Un marino acude corriendo a su capitán, tras atravesar con urgencia toda la cubierta del barco:
- ¡Capitán! ¡Vía de agua! ¡Nos hundimos! ¡El barco hace aguas por todas partes! ¿Qué hacemos? ¡Haga algo!
El patrón, impasible, frío como el mármol, abre la boca con calma, mirando la nada en el horizonte, y afirma:
- No tener nunca que mentir, ni mucho menos a uno mismo. Algunos dicen que eso es la felicidad. ¿Qué opina usted?
El capitán apretaba un papel mientras hablaba; parecía una carta o una nota escrita a mano. Lo apretaba con toda su fuerza, lo retorcía, lo frotaba con la desesperación de quien lo ha perdido casi todo. El marino, aturdido entre el caos reinante a bordo y la desconcertante respuesta de su superior, replica ansioso:
- Capitán, no le entiendo. ¡Pero por favor haga algo! ¡Ordene algo! ¡El caos reina en cubierta! ¡Que nos hundimos! ¡Media tripulación ha usado ya todos los botes salvavidas! ¡Queda sólo uno para usted, y debería usarlo ya! ¡Deme instrucciones!
El capitán, de nuevo haciendo gala de una sorprendente calma y serenidad, rozando quizás la indolencia más estúpida, responde:
- No me ha contestado. ¿Es que no tiene respuesta para esa pregunta?

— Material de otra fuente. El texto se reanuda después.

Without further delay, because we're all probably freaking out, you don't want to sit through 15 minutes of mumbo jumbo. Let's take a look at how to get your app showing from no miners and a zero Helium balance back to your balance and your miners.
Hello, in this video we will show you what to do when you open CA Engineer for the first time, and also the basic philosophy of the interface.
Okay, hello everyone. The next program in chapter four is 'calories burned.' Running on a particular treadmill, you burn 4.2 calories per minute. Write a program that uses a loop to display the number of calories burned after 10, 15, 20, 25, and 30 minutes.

De repente, la soga que bajaba ese último bote salvavidas se parte, saliendo disparada en dirección a la polea que la sujetaba y de ahí hacia el capitán, a quien roza el mentón fuertemente, provocándole una leve hemorragia. El capitán, como si acabara de despertar de un sueño profundo, se frota el mentón, se mira la sangre, y se dirige al marino que tiene al lado:
- ¡Pero qué está pasando aquí! ¿Cómo no me dijo nada? ¿No ve que nos hundimos? ¡Rápido! ¡A los botes salvavidas! ¡Preparen el mío! ¡Será imbécil! ¡Cómo pudo no avisarme!

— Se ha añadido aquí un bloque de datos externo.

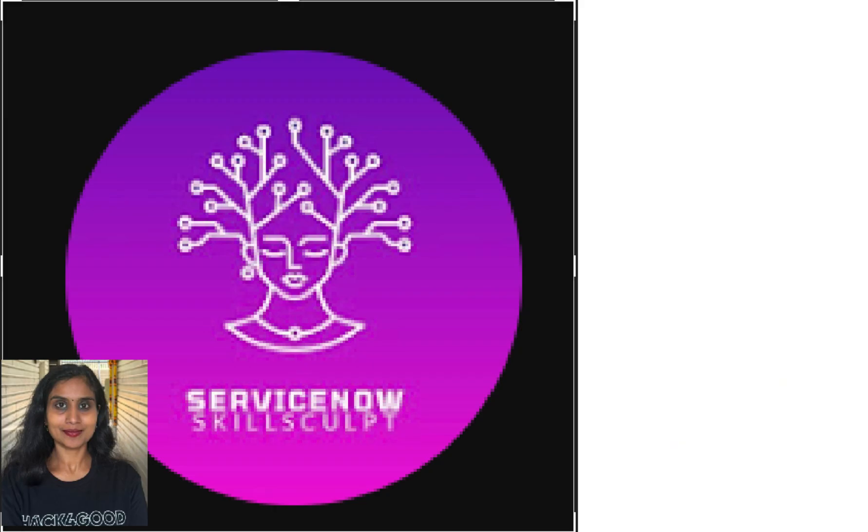I hope this video helps you understand ServiceNow's Advanced Work Assignment feature. Thank you for watching. Please like, share, and subscribe to the channel. I appreciate your support.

El marino, resignado ante lo injusto de las acusaciones, contesta, temeroso:
- Capitán, intenté avisarle, pero el ruido le impidió escucharme…

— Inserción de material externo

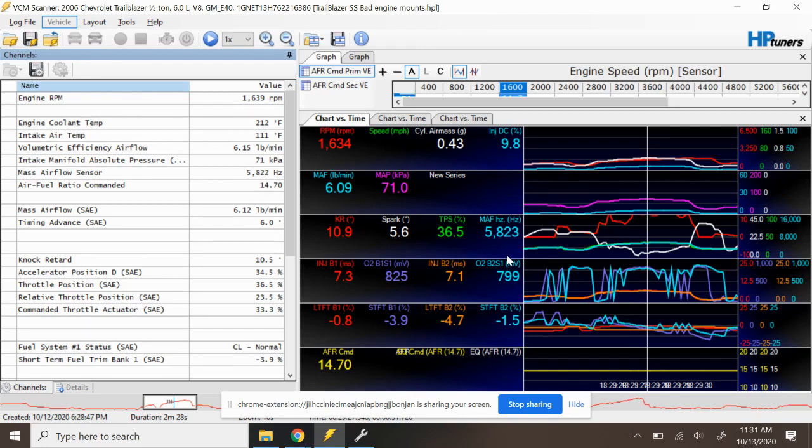If these O2 sensors were just hanging out at the very bottom of the range, that would mean it is leaner than 14.7 and that could possibly be an issue.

En ese momento se quiebra el mástil y cae con violencia, partiendo la cubierta. El barco se hace añicos en segundos y los dos hombres caen al agua, junto a los marinos que quedaban a bordo, una gran mayoría, demasiados para tan pocos botes salvavidas. El desastre ocurrió. Los escasos candiles que quedan encendidos son disputados por los hombres que luchan por flotar en la superficie. Luces errantes en un agua extraña y helada que anuncia el final. El marino y el capitán logran asirse a un gran tablón de sipo y, tras recuperar el aliento, se miran, sin saber que hacer, aunque en cierto modo aliviados por la compañía mutua.
- Debió haberme avisado, teniente. No es posible que no me haya enterado de lo que estaba pasando con todo el ruido que había en el ambiente. ¡Es responsabilidad suya mantenerme al corriente de todo lo que sucede en el barco! – Recrimina, enfadado, el capitán.
El marino, angustiado por la crítica situación, replica, sintiéndose cada vez más solo:
- Capitán, se lo he intentado decir. Varias veces incluso, pero el ruido más potente no era el de cubierta, sino el que había dentro de su cabeza. Si salimos de esta, no me importa volver a servir a sus órdenes, pero antes debe aliviar ese ruido, debe callar ese ruido.
Y el capitán se hizo entonces consciente de lo que le pasaba. Por primera vez escuchó la lluvia caer sobre su casaca. Caído del caballo, sintió que iba limpiando sus pecados poco a poco. El ruido se fue callando y dejó paso al murmullo de las olas, al chapoteo del tablón de sipo y al repiqueteo de la lluvia sobre éste y sobre el agua salada. En medio de aquel desastre, se sintió en calma. Vislumbró una isla en el horizonte y dirigió a sus náufragos hacia ella. Todavía quedaba la esperanza.